Start of Block

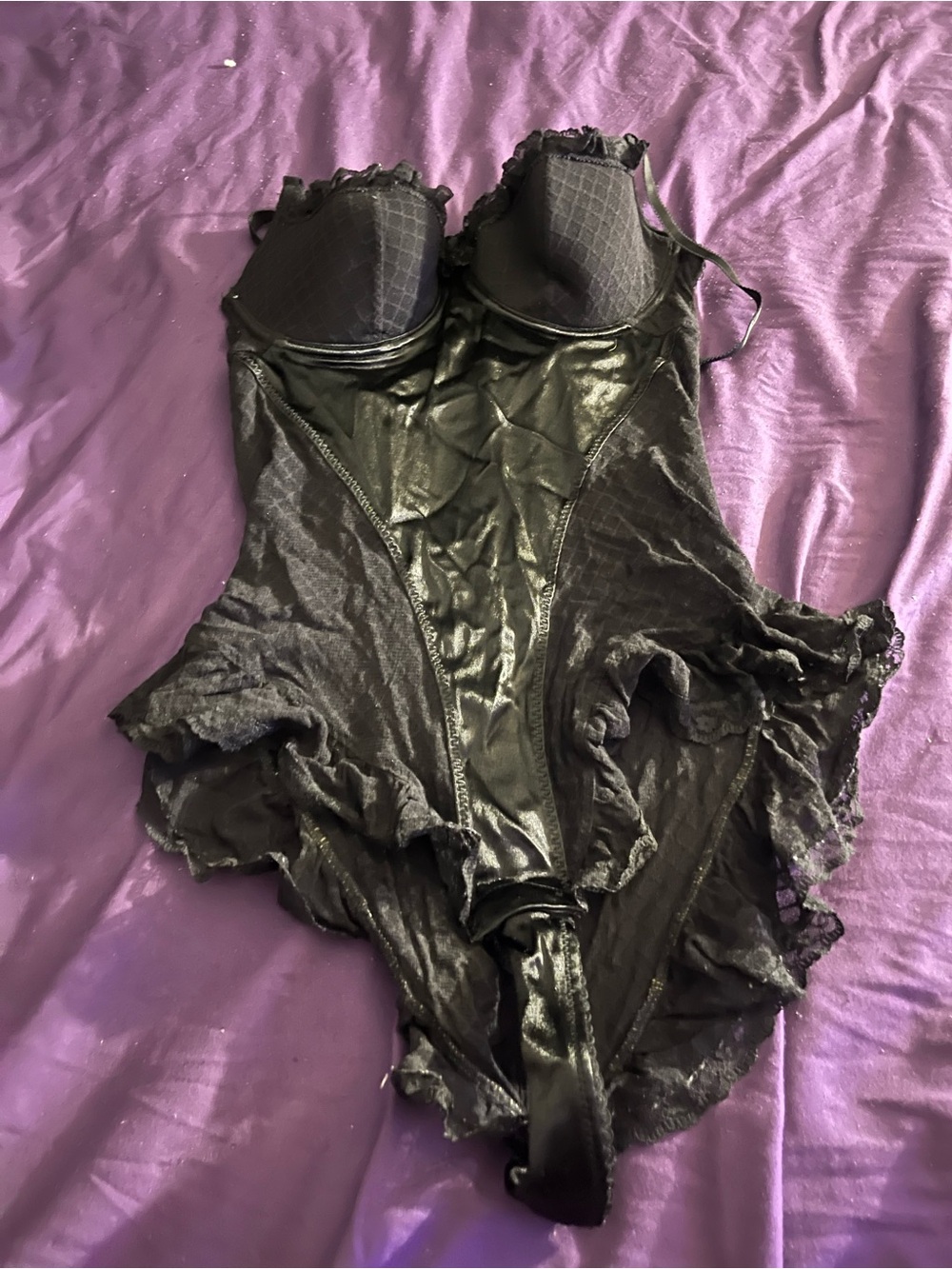 Rock & Candy Black Lace & Satin Bodysuit Shapewear
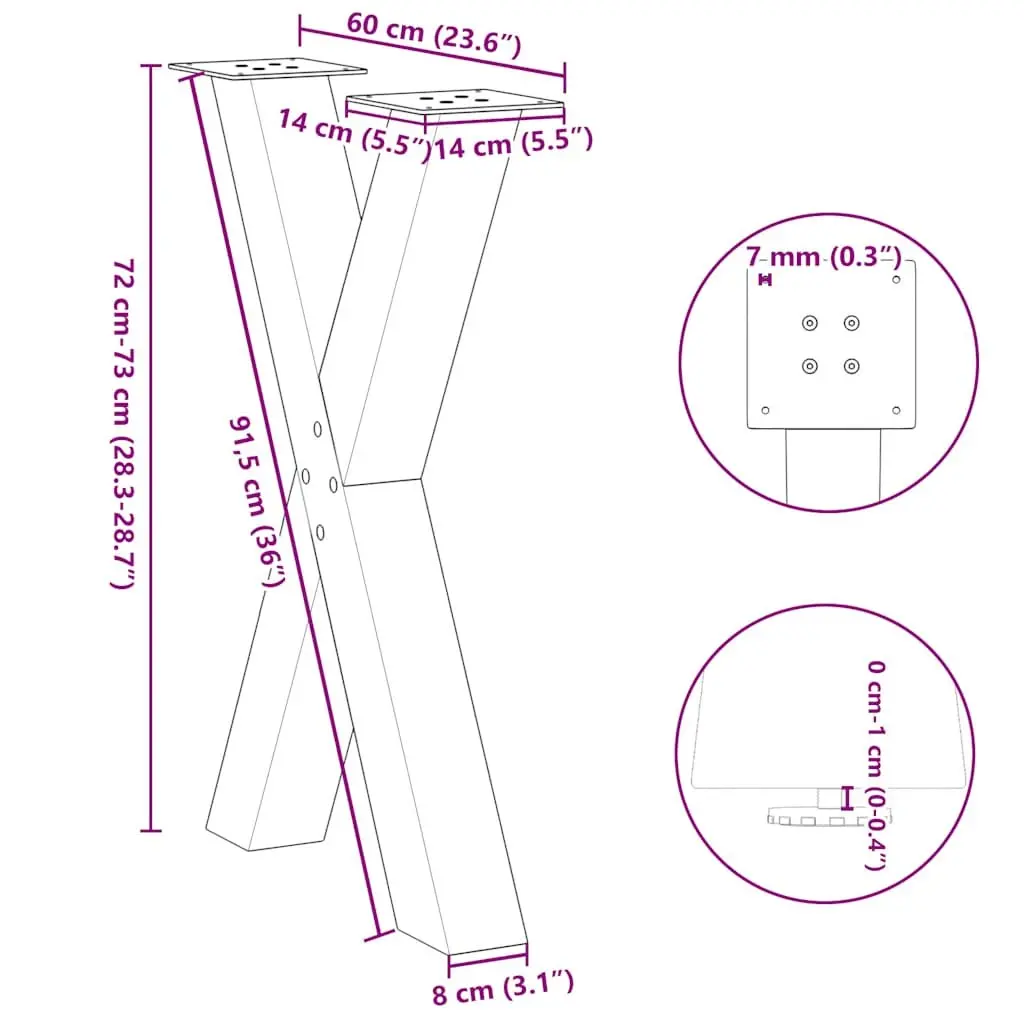 Dining Table Legs X-Shaped 60x72cm Black Steel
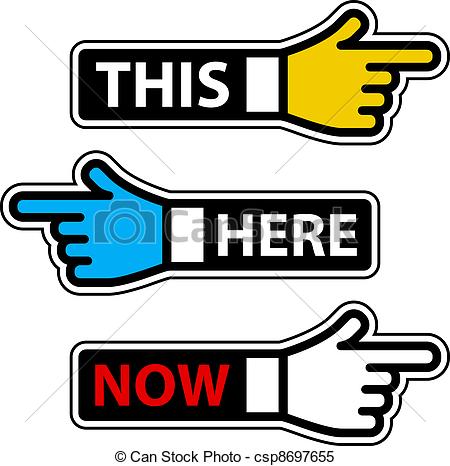 Vector   Vector This Here Now Hand Pointer Labels   Stock Illustration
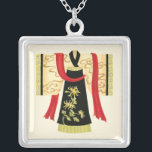 Traditional Japanese Kimono with Floral Print Silver Plated Necklace<br><div class="desc">Nancy Slocum created this charming print of a traditional Japanese Kimono with a deep red sash. The bottom of the kimono is black with a lovely floral print. Give this as a gift,  or purchase it for yourself!</div>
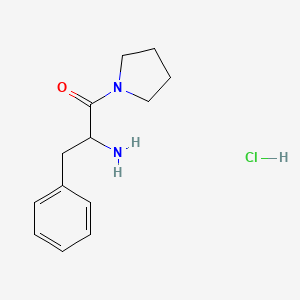 molecular formula C13H19ClN2O B1527395 2-Amino-3-phenyl-1-(1-pyrrolidinyl)-1-propanone hydrochloride CAS No. 1236258-19-7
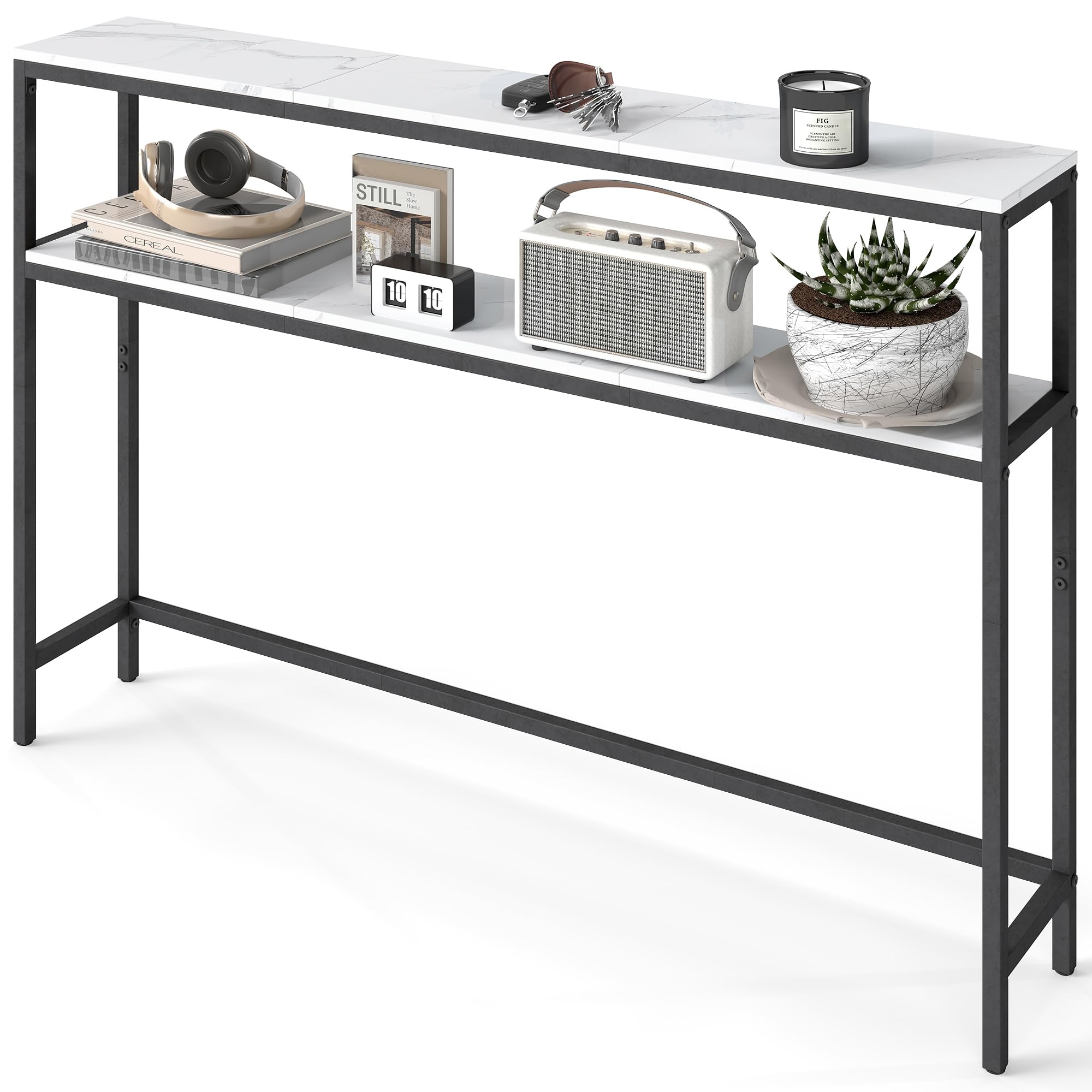 VASAGLE Console Table, 2-Tier Slim Sofa Table, 20 x 120 x 80 cm, Hallway Table with 2 Shelves, for Living Room, Entryway, Marble White and Ink Black LNT133W59V1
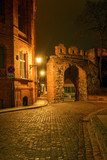 Historical architecture of Torun at night. Poland. Europe.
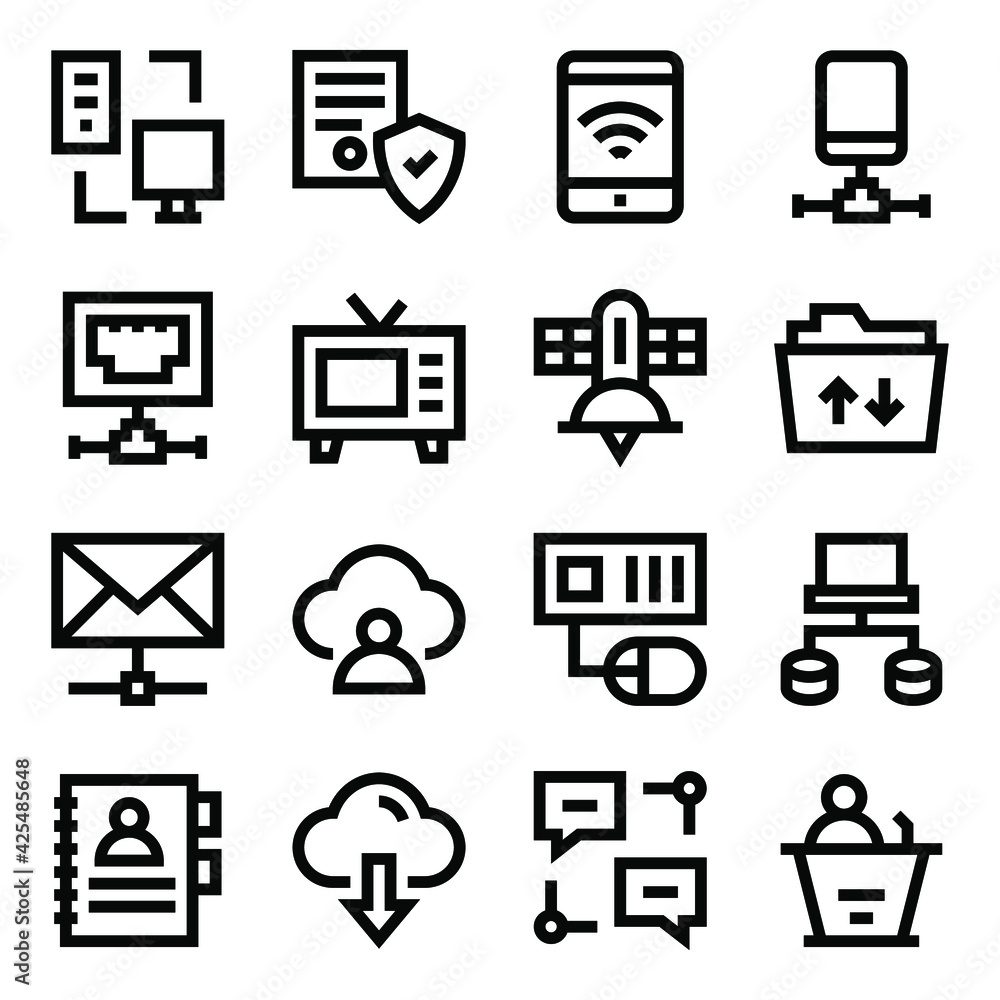 
Set of Network and Communication in Linear Icons

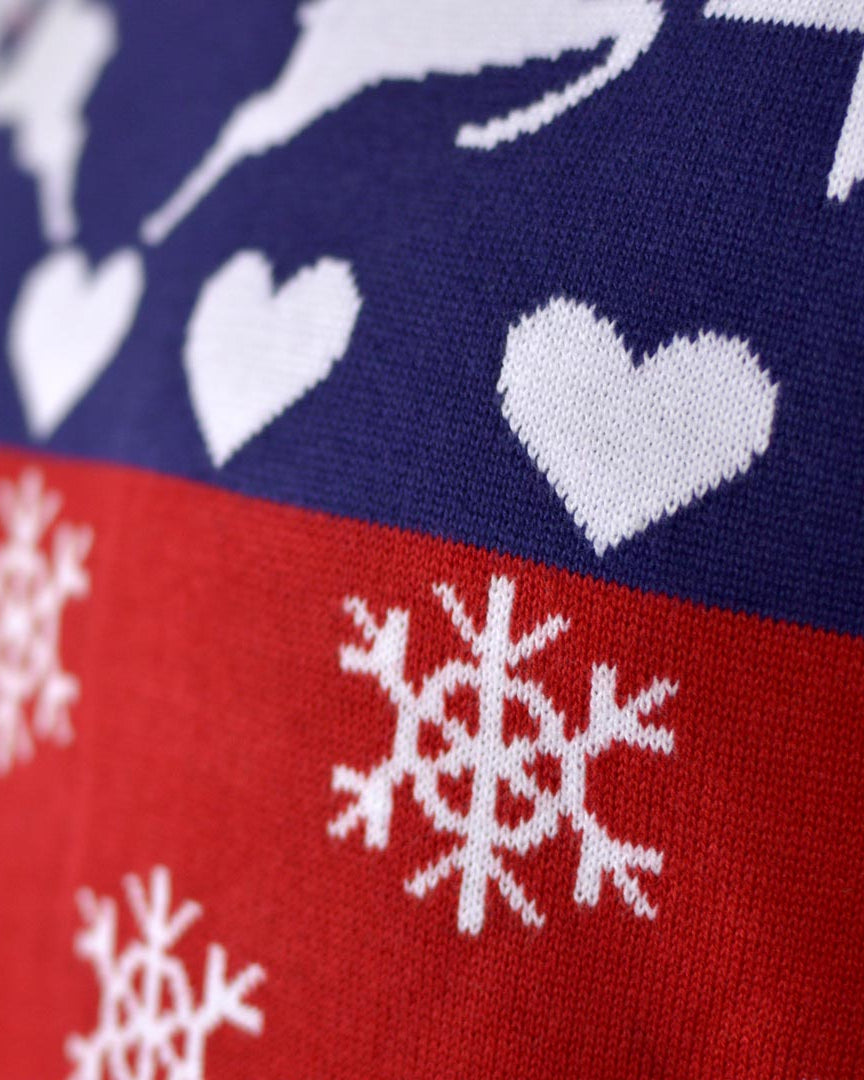 Pull de Noël pour Couple Rennes et Cœurs Bleu et Rouge detail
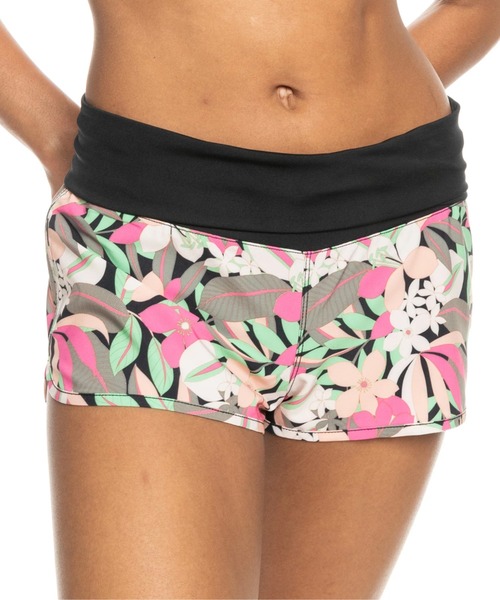 ROXY（ロキシー）の「ENDLESS SUMMER PRINT/ロキシーマルチボタニカルパターンウエストゴムスイムボードショーツ(水着)（水着・レディース・ブラック/ブルー・SMALL/MEDIUM/LARGE）」の5枚目の写真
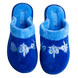 Женские закрытые тапочки БЕЛСТА из синей махры с голубым отворотом украшены узорной вышивкой - 2
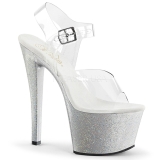 Silver 18 cm Pleaser SKY-308MG glitter high heels shoes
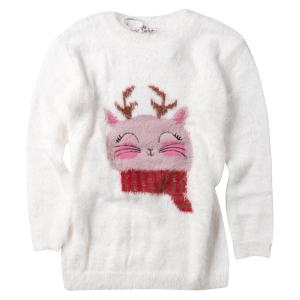 Παιδική μπλούζα ΕΒΙΤΑ για κορίτσια Reindeer Άσπρο κοριτσίστικες ελληνικές μοντέρνες ζεστές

End of Block

» Directions for this task:
Output each line above exactly. Skip the images.

» Exercise result:
 Rock & Candy Black Lace & Satin Bodysuit Shapewear
 Dining Table Legs X-Shaped 60x72cm Black Steel
 Vector   Vector This Here Now Hand Pointer Labels   Stock Illustration
 Traditional Japanese Kimono with Floral Print Silver Plated Necklace<br><div class="desc">Nancy Slocum created this charming print of a traditional Japanese Kimono with a deep red sash. The bottom of the kimono is black with a lovely floral print. Give this as a gift,  or purchase it for yourself!</div>
 molecular formula C13H19ClN2O B1527395 2-Amino-3-phenyl-1-(1-pyrrolidinyl)-1-propanone hydrochloride CAS No. 1236258-19-7
 VASAGLE Console Table, 2-Tier Slim Sofa Table, 20 x 120 x 80 cm, Hallway Table with 2 Shelves, for Living Room, Entryway, Marble White and Ink Black LNT133W59V1
 Historical architecture of Torun at night. Poland. Europe.
Set of Network and Communication in Linear Icons

 Pull de Noël pour Couple Rennes et Cœurs Bleu et Rouge detail
 ROXY（ロキシー）の「ENDLESS SUMMER PRINT/ロキシーマルチボタニカルパターンウエストゴムスイムボードショーツ(水着)（水着・レディース・ブラック/ブルー・SMALL/MEDIUM/LARGE）」の5枚目の写真
 Женские закрытые тапочки БЕЛСТА из синей махры с голубым отворотом украшены узорной вышивкой - 2
 Silver 18 cm Pleaser SKY-308MG glitter high heels shoes
 Παιδική μπλούζα ΕΒΙΤΑ για κορίτσια Reindeer Άσπρο κοριτσίστικες ελληνικές μοντέρνες ζεστές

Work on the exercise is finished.